Bedieningsinstructies, bedieningselementen
Aan/uit-schakelaar maaidek
De maaidekschakelaar bedient de elektromagnetische
koppeling van de messen. Druk om het maaidek in te
schakelen de schakelaar in en laat deze vervolgens weer
los, hierdoor wordt het maaidek ingeschakeld. Om aan
te duiden dat het maaidek is ingeschakeld, knippert
de hoogte-indicator van het maaidek (afb. 11). Druk de
schakelaar opnieuw in om het maaidek te stoppen.

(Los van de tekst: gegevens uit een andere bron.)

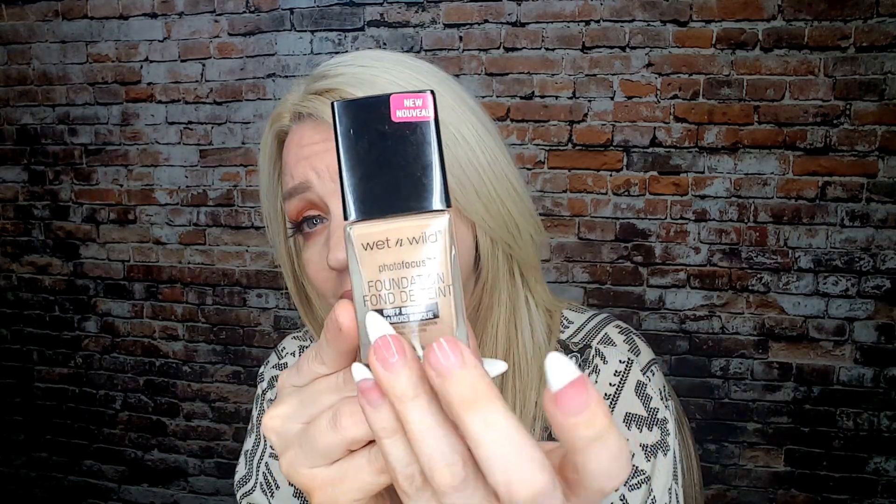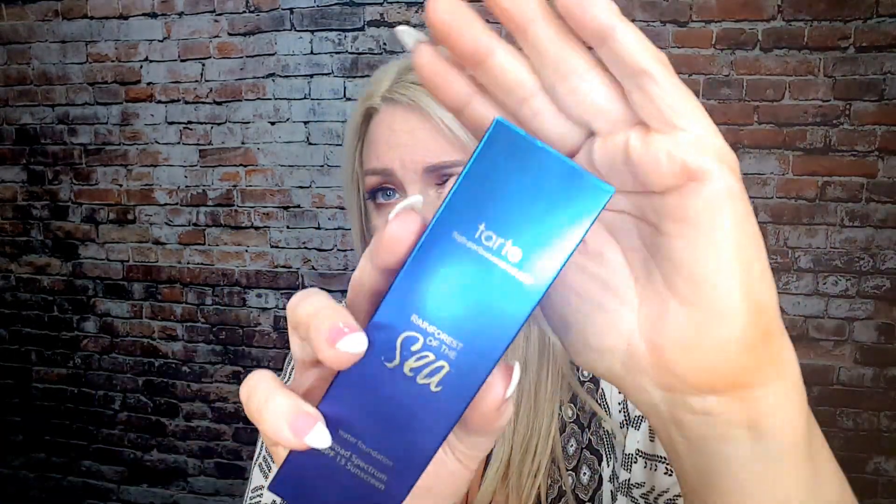So every Friday, as long as I have a foundation to review, I will review a foundation for you guys. Everybody wanted to see the Wet n' Wild one first — that's what got the most comments. But I also have the Maybelline Dream Cushion, the L'Oreal Infallible Total Cover, the Rimmel 25 Hour Lasting Finish, and the Tarte Rain Burst of the Sea — which is more of a high-end, liquidy foundation. If there are any foundations you want me to review, comment down below. From now on, on Fridays, it's going to be my foundation reviews.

Hoewel het maaidek automatisch wordt uitgeschakeld
wanneer de motor wordt uitgeschakeld of wanneer
de bestuurder de zitting verlaat, is het verstandig om
niet uitsluitend op deze functie te vertrouwen. Schakel
het maaidek altijd UIT zodra u klaar bent met maaien
en zeker wanneer u de motor uitschakelt of de tractor
verlaat. De maaier werkt alleen als de bestuurder op de
zitting zit.
NB: De koplampen knipperen wanneer het maaidek
draait terwijl het niet wordt gebruikt. Worden de
koplampen gebruikt, dan knipperen ze niet, maar
branden ze normaal.
Elektrische hefsystemen
(niet van toepassing op Mini-tractor)
Elektrische verstelling van de maaidekhoogte (mits
ingebouwd)
De maaidekhoogte wordt lager afgesteld door de
draaiknop linksom te draaien, waardoor het maaidek
omlaag gaat, en rechtsom te draaien, waardoor het
maaidek omhoog gaat (afb. 10). De hoogte-indicator
in het elektronische display (afb. 11) geeft de positie
van het maaidek weer (0 = laagste stand, 9 = hoogste
stand). U profiteert het meest van deze verfijning
in de afstelling wanneer u de maaidekhoogte
voortdurend aanpast aan de omstandigheden van
de bodem en de toestand van het gras. Beweeg het
maaidek onder het rijden niet omlaag totdat u de
hoogteafstelling goed kent, om kaalslag van het gazon
te voorkomen.
Handmatig maaidekhefsysteem
(mits ingebouwd)
(afb. 12)
Uw tractor moet voorzien zijn van een handmatig
maaidekhefsysteem. Voor de bediening, eenvoudigweg
de bedieningsknop indrukken tot het gewicht van het
maaidek voelbaar is en terugtrekken tot de gewenste
maaihoogte (genummerd 1-9). Om te laten zakken,
houdt u de bedieningsknop ingedrukt en duwt u naar
voren. Wees voorzichtig tijdens het bedienen van de
hefhendel.
Urenmeter
(niet van toepassing op Mini-tractor)
Uw tractor is uitgerust met een urenmeter, die u helpt
de aanbevolen onderhoudsintervallen in acht te nemen.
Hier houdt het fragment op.